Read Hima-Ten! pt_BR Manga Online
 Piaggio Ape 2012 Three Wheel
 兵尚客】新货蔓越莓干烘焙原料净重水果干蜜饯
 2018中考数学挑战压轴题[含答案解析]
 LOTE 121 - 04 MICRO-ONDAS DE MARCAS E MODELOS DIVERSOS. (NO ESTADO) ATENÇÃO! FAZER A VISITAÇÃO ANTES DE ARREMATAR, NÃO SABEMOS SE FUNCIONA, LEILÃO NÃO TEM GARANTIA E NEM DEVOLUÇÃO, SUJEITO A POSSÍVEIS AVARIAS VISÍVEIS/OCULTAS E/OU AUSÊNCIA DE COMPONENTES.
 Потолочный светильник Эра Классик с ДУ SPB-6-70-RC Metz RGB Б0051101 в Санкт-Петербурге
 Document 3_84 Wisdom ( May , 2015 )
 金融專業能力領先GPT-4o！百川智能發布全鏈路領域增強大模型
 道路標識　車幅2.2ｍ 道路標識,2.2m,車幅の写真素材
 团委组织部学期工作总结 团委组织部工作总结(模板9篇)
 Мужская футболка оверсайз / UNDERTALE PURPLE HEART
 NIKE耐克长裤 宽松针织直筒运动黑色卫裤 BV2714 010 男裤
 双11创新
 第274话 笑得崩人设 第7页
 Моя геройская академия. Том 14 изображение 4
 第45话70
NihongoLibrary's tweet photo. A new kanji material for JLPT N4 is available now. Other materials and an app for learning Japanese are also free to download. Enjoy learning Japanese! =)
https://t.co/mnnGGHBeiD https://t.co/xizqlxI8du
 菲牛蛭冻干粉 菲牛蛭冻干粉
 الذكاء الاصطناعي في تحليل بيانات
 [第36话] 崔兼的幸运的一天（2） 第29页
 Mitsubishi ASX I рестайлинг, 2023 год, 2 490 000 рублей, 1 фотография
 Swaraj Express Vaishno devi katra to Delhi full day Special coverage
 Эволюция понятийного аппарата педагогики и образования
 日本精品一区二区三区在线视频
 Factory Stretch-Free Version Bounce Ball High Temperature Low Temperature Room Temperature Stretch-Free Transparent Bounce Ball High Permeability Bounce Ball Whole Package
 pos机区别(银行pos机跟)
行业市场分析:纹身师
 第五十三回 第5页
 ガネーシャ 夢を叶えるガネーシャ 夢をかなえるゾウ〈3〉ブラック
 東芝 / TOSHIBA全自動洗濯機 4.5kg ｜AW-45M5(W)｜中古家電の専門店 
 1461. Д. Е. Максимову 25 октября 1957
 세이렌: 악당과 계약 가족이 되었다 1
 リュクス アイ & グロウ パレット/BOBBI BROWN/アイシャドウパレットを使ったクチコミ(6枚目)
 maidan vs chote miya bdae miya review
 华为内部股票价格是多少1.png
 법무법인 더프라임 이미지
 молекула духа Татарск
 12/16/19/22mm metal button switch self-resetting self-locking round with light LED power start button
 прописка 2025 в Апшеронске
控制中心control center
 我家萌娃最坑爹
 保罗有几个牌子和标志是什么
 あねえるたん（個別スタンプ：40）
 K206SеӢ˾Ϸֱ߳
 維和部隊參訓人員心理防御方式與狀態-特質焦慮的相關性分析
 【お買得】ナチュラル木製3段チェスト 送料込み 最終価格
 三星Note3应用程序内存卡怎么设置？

******************************

Description of the task: In full and word for word, write out the data above.

Solution to the problem:
Read Hima-Ten! pt_BR Manga Online
 Piaggio Ape 2012 Three Wheel
 兵尚客】新货蔓越莓干烘焙原料净重水果干蜜饯
 2018中考数学挑战压轴题[含答案解析]
 LOTE 121 - 04 MICRO-ONDAS DE MARCAS E MODELOS DIVERSOS. (NO ESTADO) ATENÇÃO! FAZER A VISITAÇÃO ANTES DE ARREMATAR, NÃO SABEMOS SE FUNCIONA, LEILÃO NÃO TEM GARANTIA E NEM DEVOLUÇÃO, SUJEITO A POSSÍVEIS AVARIAS VISÍVEIS/OCULTAS E/OU AUSÊNCIA DE COMPONENTES.
 Потолочный светильник Эра Классик с ДУ SPB-6-70-RC Metz RGB Б0051101 в Санкт-Петербурге
 Document 3_84 Wisdom ( May , 2015 )
 金融專業能力領先GPT-4o！百川智能發布全鏈路領域增強大模型
 道路標識　車幅2.2ｍ 道路標識,2.2m,車幅の写真素材
 团委组织部学期工作总结 团委组织部工作总结(模板9篇)
 Мужская футболка оверсайз / UNDERTALE PURPLE HEART
 NIKE耐克长裤 宽松针织直筒运动黑色卫裤 BV2714 010 男裤
 双11创新
 第274话 笑得崩人设 第7页
 Моя геройская академия. Том 14 изображение 4
 第45话70
NihongoLibrary's tweet photo. A new kanji material for JLPT N4 is available now. Other materials and an app for learning Japanese are also free to download. Enjoy learning Japanese! =)
https://t.co/mnnGGHBeiD https://t.co/xizqlxI8du
 菲牛蛭冻干粉 菲牛蛭冻干粉
 الذكاء الاصطناعي في تحليل بيانات
 [第36话] 崔兼的幸运的一天（2） 第29页
 Mitsubishi ASX I рестайлинг, 2023 год, 2 490 000 рублей, 1 фотография
 Swaraj Express Vaishno devi katra to Delhi full day Special coverage
 Эволюция понятийного аппарата педагогики и образования
 日本精品一区二区三区在线视频
 Factory Stretch-Free Version Bounce Ball High Temperature Low Temperature Room Temperature Stretch-Free Transparent Bounce Ball High Permeability Bounce Ball Whole Package
 pos机区别(银行pos机跟)
行业市场分析:纹身师
 第五十三回 第5页
 ガネーシャ 夢を叶えるガネーシャ 夢をかなえるゾウ〈3〉ブラック
 東芝 / TOSHIBA全自動洗濯機 4.5kg ｜AW-45M5(W)｜中古家電の専門店 
 1461. Д. Е. Максимову 25 октября 1957
 세이렌: 악당과 계약 가족이 되었다 1
 リュクス アイ & グロウ パレット/BOBBI BROWN/アイシャドウパレットを使ったクチコミ(6枚目)
 maidan vs chote miya bdae miya review
 华为内部股票价格是多少1.png
 법무법인 더프라임 이미지
 молекула духа Татарск
 12/16/19/22mm metal button switch self-resetting self-locking round with light LED power start button
 прописка 2025 в Апшеронске
控制中心control center
 我家萌娃最坑爹
 保罗有几个牌子和标志是什么
 あねえるたん（個別スタンプ：40）
 K206SеӢ˾Ϸֱ߳
 維和部隊參訓人員心理防御方式與狀態-特質焦慮的相關性分析
 【お買得】ナチュラル木製3段チェスト 送料込み 最終価格
 三星Note3应用程序内存卡怎么设置？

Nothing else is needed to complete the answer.